Elle peut porter sur des droits en pleine propriété ou en nue-propriété.
Pourquoi y recourir ?
Les objectifs poursuivis peuvent être divers : aider les jeunes générations, préparer sa succession et anticiper les conflits, optimiser le coût fiscal de la transmission.
L’accord de la génération intermédiaire
L’ascendant qui décide d’y recourir doit obtenir le consentement de ses enfants. Ces derniers ont en effet la qualité d’héritiers réservataires, c’est-à-dire qu’une partie de la succession de leur parent leur est réservée. Ils doivent donc accepter que leurs propres enfants soient allotis en leur lieu et place, en tout ou partie, et donc renoncer à tout ou partie de leur réserve au profit de ces derniers.
La donation-partage transgénérationnelle offre une certaine souplesse à l’ascendant donateur qui peut choisir d’allotir des petits-enfants seulement, ou des petits-enfants en même temps que des enfants.
Il est aussi possible d’incorporer des donations antérieures (comme dans une donation-partage classique). Ici, la spécificité réside dans la possibilité pour l’ascendant de redistribuer le bien initialement transmis à son enfant aux enfants de celui-ci (et de réaliser le saut de génération a posteriori). Bien entendu, les enfants devront consentir à cette redistribution.
Quelle fiscalité ?
Sur le plan fiscal, les droits de donation sont liquidés en fonction du lien de parenté entre l’ascendant donateur et les descendants allotis. Ainsi, le petit-enfant ne peut pas bénéficier de l’abattement de 100 000 € de l’enfant, bien qu’il soit alloti à sa place par l’ascendant donateur. Dans ce cas, c’est l’abattement grand-parent – petit-enfant de 31 865 € qui s’applique.
En cas de réincorporation d’une donation antérieure avec changement d’attributaire (le bien initialement donné est réattribué à un enfant du premier donataire), la fiscalité diffère selon la date à laquelle la donation a été consentie.
- Si la donation réincorporée a été consentie plus de 15 ans avant la donation-partage transgénérationnelle, seul le droit de partage (au taux actuel de 2,50 %) est dû. L’assiette du droit est la valeur du bien à la date de la réincorporation.

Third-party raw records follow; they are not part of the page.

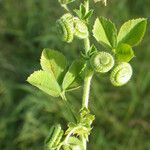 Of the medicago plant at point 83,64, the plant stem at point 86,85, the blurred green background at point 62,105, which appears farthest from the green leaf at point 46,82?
the blurred green background at point 62,105

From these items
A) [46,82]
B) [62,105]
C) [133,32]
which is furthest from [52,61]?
[62,105]

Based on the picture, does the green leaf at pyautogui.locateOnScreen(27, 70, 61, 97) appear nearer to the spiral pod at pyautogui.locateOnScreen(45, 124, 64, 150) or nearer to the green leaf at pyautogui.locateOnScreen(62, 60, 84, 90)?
the green leaf at pyautogui.locateOnScreen(62, 60, 84, 90)

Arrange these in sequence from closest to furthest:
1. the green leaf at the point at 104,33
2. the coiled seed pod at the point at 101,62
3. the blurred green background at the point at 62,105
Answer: the coiled seed pod at the point at 101,62 → the green leaf at the point at 104,33 → the blurred green background at the point at 62,105

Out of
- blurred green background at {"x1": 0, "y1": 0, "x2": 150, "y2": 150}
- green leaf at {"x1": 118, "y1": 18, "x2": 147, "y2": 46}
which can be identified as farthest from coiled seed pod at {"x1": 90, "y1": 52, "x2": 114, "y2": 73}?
blurred green background at {"x1": 0, "y1": 0, "x2": 150, "y2": 150}

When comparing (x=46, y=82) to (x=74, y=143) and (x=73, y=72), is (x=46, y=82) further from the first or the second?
(x=74, y=143)

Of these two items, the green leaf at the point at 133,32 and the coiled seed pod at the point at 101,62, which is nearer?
the coiled seed pod at the point at 101,62

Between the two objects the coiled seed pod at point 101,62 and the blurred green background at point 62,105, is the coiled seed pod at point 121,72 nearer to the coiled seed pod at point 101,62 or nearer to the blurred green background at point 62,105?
the coiled seed pod at point 101,62

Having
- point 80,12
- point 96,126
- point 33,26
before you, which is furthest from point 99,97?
point 80,12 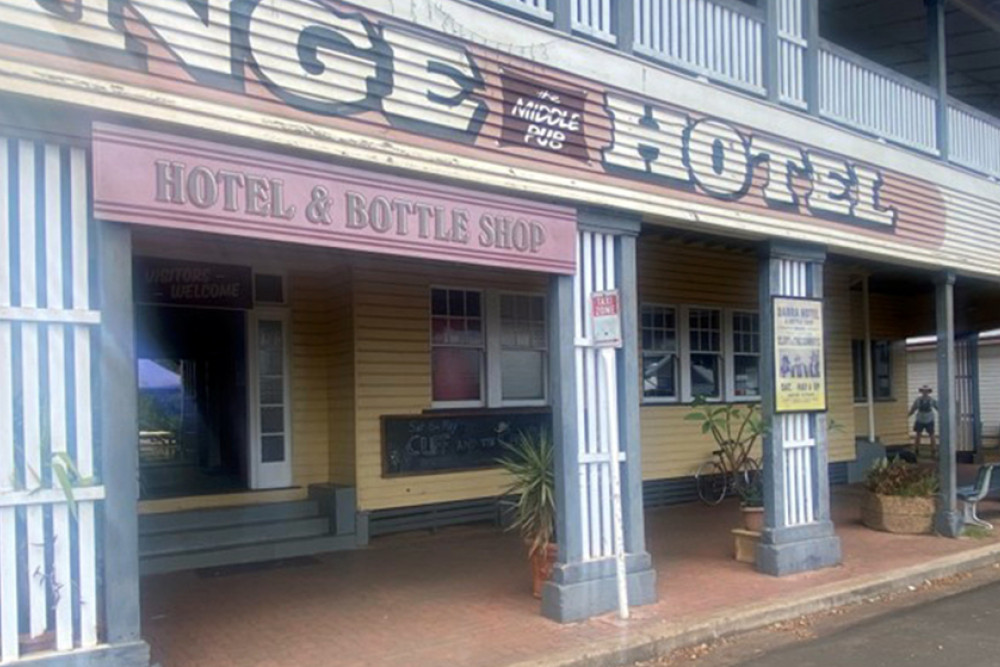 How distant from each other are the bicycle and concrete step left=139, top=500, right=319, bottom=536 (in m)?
6.03

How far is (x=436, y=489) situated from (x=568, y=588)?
3.89m

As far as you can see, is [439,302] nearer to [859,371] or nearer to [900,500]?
[900,500]

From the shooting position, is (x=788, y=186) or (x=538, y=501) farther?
(x=788, y=186)

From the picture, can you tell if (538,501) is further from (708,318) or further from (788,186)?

- Si elle a été consentie il y a moins de 15 ans, alors les droits de donation sont dus, en fonction du lien de parenté entre l’ascendant donateur et le petit-enfant alloti (application de l’abattement de 31 865 €). Les droits acquittés lors de la donation initiale s’imputent sur les droits qui seraient dus lors de la réincorporation.
Exemples
Exemple 1 : un cas simple de donation-partage transgénérationnelle
Monsieur DURAND, divorcé, 75 ans, a un fils, Marc, âgé de 50 ans. Marc a lui-même deux enfants, Claire (23 ans) et Céline (19 ans).
Monsieur DURAND est notamment propriétaire de 2 studios, d’une valeur de 150 000 € chacun. Son fils ayant une très bonne situation, il souhaite donner les 2 studios directement à ses petites-filles pour leur procurer des revenus locatifs, sans allotir son fils.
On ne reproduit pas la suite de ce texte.